■ Required work ■
Begin at the line that holds "Capucine Bed and breakfast 3*" and retype every line through the end of the material, both included. Leave out the pictures.

■ Input material ■
━━━━━━━━━━━━━━━━━━━━━━━━━━━━━━

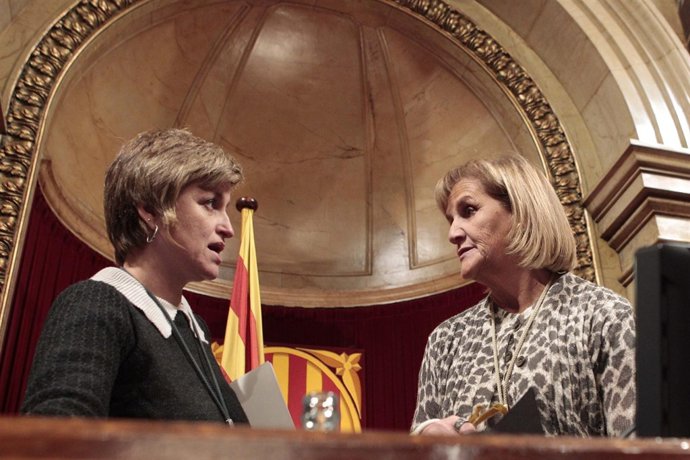 Anna Simó (ERC) y Núria de Gispert (UDC)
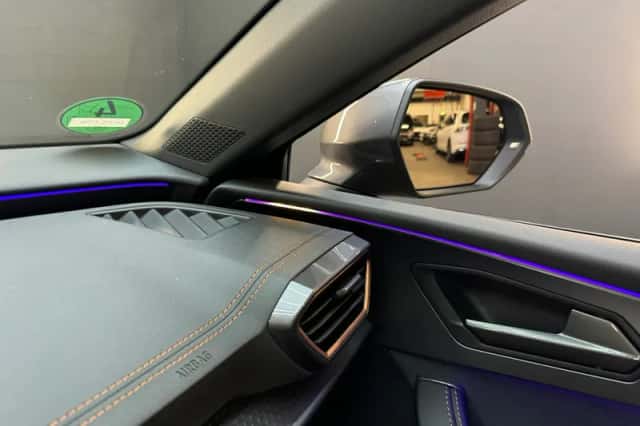 CUPRA Leon (2025) thumbnail 26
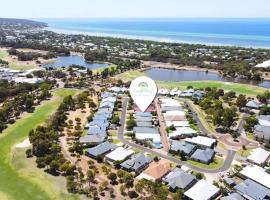 Across the Way, golf and beach heaven, hotel in Dunsborough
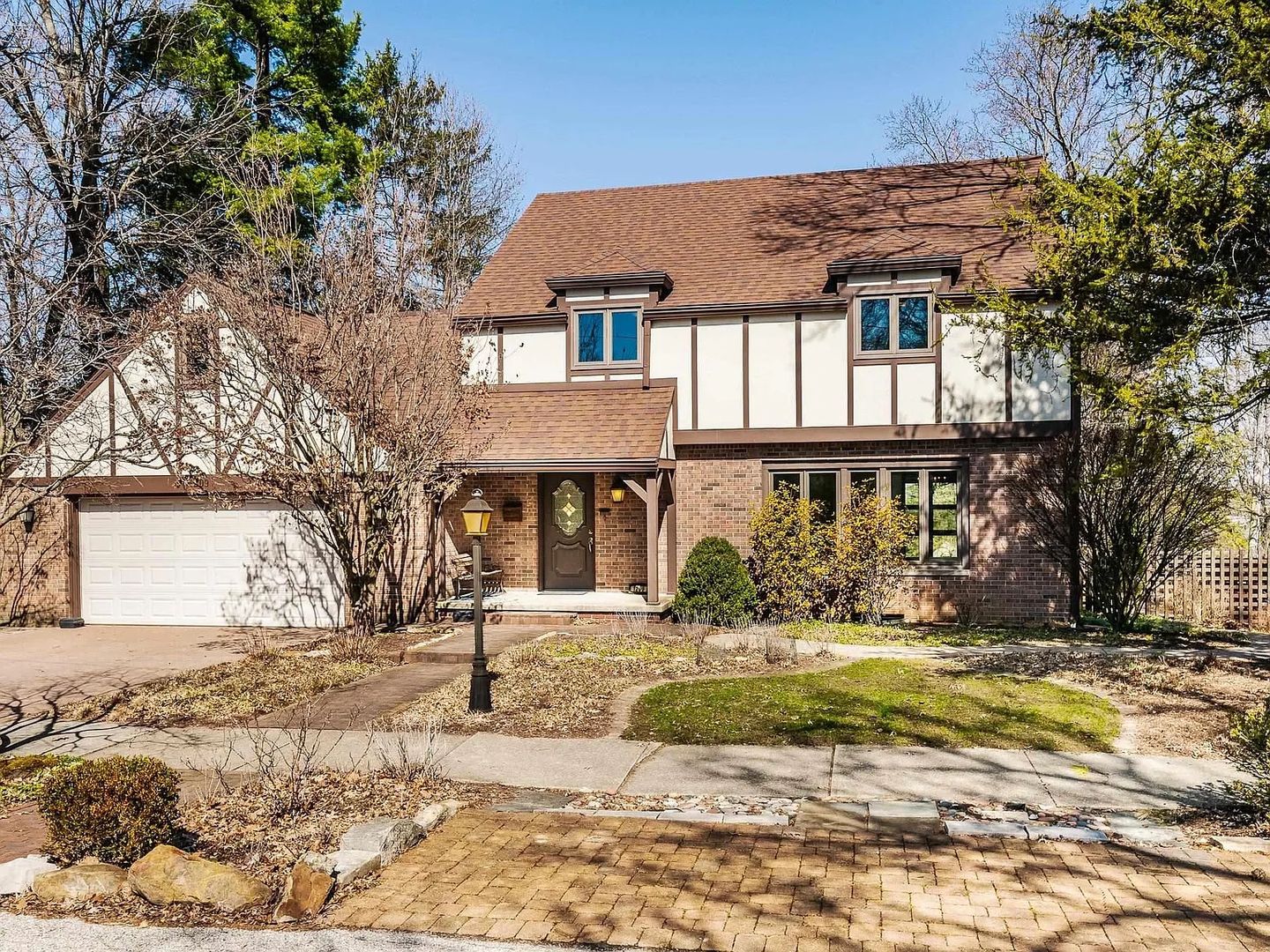 Bloomington House: 1209 E University St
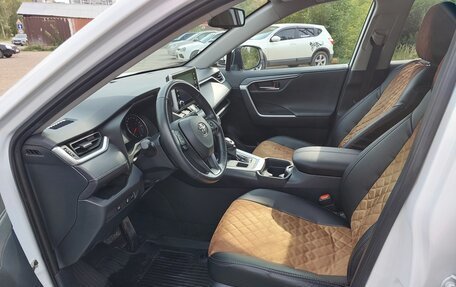 Toyota RAV4, 2021 год, 3 550 000 рублей, 10 фотография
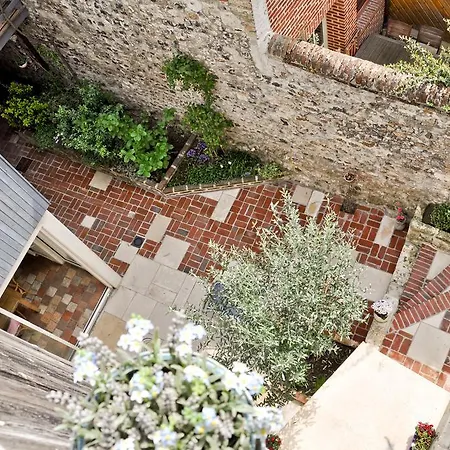 Capucine Bed and breakfast 3*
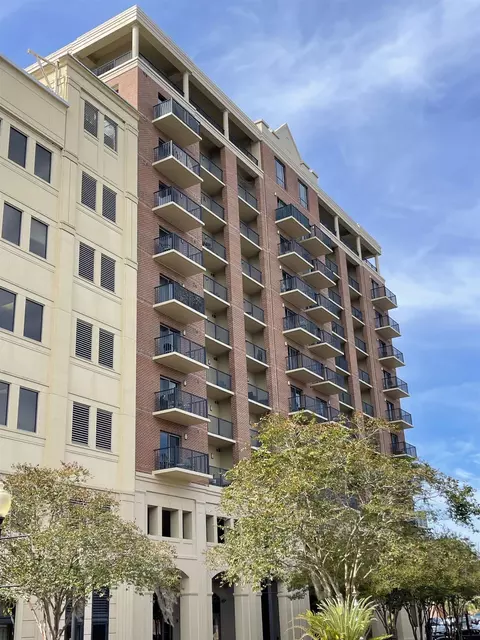 215 W College Ave #607, Tallahassee, FL 32301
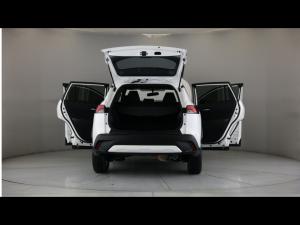 Toyota Corolla Cross 1.8 Xi - Image 24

━━━━━━━━━━━━━━━━━━━━━━━━━━━━━━

■ Answer section ■
 Capucine Bed and breakfast 3*
 215 W College Ave #607, Tallahassee, FL 32301
 Toyota Corolla Cross 1.8 Xi - Image 24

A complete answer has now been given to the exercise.